Je comprends maintenant pourquoi il est important de cultiver ces états le plus souvent possible, comme le conseille Ayya Khema*. Ainsi, on s’habitue petit à petit à l’équanimité, à la vision claire des choses, et on commence à cesser d’être dominé par les préférences et les attachements. À l’heure du yoga, j’étais dans cet état de béatitude et n’avais pas très envie de le perdre tout de suite dans les douleurs et frustrations que m’imposent mon vieux corps raide, aussi je suis d’abord resté un moment à savourer ma paix intérieure en regardant le lever du soleil, puis ai fait une série de postures réduites. Entre 7 et 8, j’ai vite retrouvé mon état de jhana et ai pu continuer à le contempler. Par contre, pendant les petites séances d’assise de la fin de la matinée, je ne suis plus arrivé à franchir le pas. J’étais simplement dans un bon calme tranquille qui est beaucoup plus vulnérable au contact des sens et des pensées et n’offre pas cette vision pénétrante, détachée de l’ego, sur la vraie réalité des choses. C’est très différent !
* Jhana (pali ; sanscrit : dhyana) : absorption méditative. Les jhanas sont des états de profonde méditation produits par la concentration. Les enseignements du Bouddha citent huit jhanas – quatre jhanas de la sphère matérielle subtile et quatre jhanas de la sphère immatérielle. Si Ayya Khema insistait beaucoup sur l’importance de la pratique des jhanas, curieusement, ils sont rarement enseignés dans les milieux bouddhistes occidentaux, et même souvent déconseillés.

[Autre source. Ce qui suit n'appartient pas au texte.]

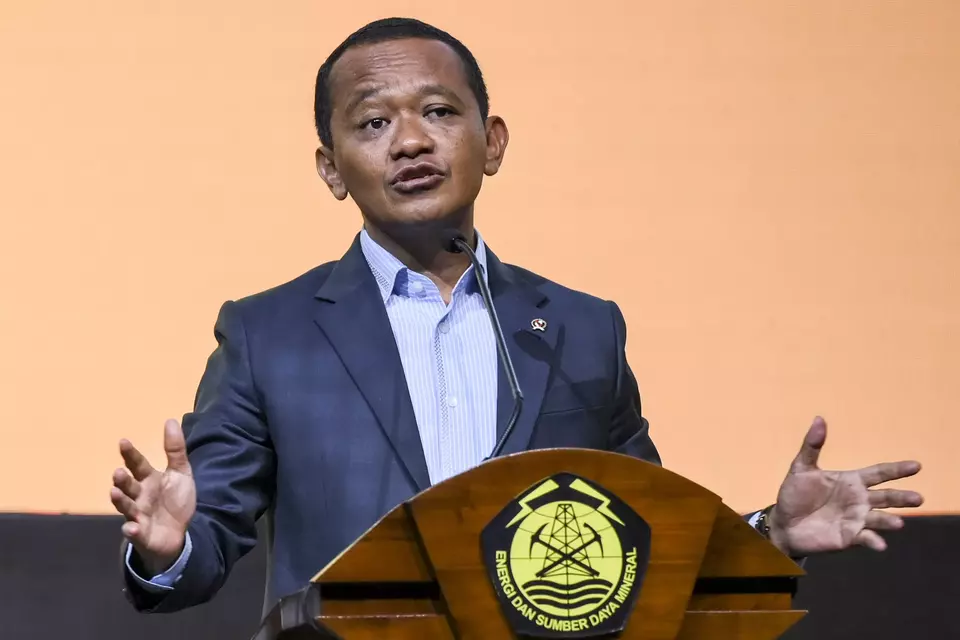 Menteri ESDM Bahlil Lahadalia menyampaikan sambutan saat membuka Mineral dan Batu bara Convention - Expo (Minerba Convex) 2025 di Jakarta International Convention Center (JICC), Jakarta, Rabu (15/10/2025). (ANTARA FOTO/Hafidz Mubarak A)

* Agrégat (pali : khandha) : khandha signifie agrégat, tas, ensemble. Les cinq agrégats sont, selon les bouddhistes, les cinq grandes catégories – ou ensembles d’éléments – qui constituent l’être humain. Il s’agit de l’agrégat matériel : le corps (rupa), et des quatre agrégats mentaux : la sensation (vedana), la perception (sañña), les formations mentales (sankhara) et la conscience (viññana).
* Khema (Ayya) (1926-1997) : née à Berlin, Ayya Khema fut ordonnée nonne en 1979 au Sri Lanka. Elle enseignait le bouddhisme theravada et la pratique des jhanas, les absorptions méditatives. Elle fonda en 1978 le Wat Buddha Dhamma, un monastère de la forêt situé en Australie, où j’ai fait ma première retraite avec elle en février 1990 (voir mon livre Le parfum de l’éveil). Elle fut ensuite mon principal maître spirituel jusqu’à sa mort.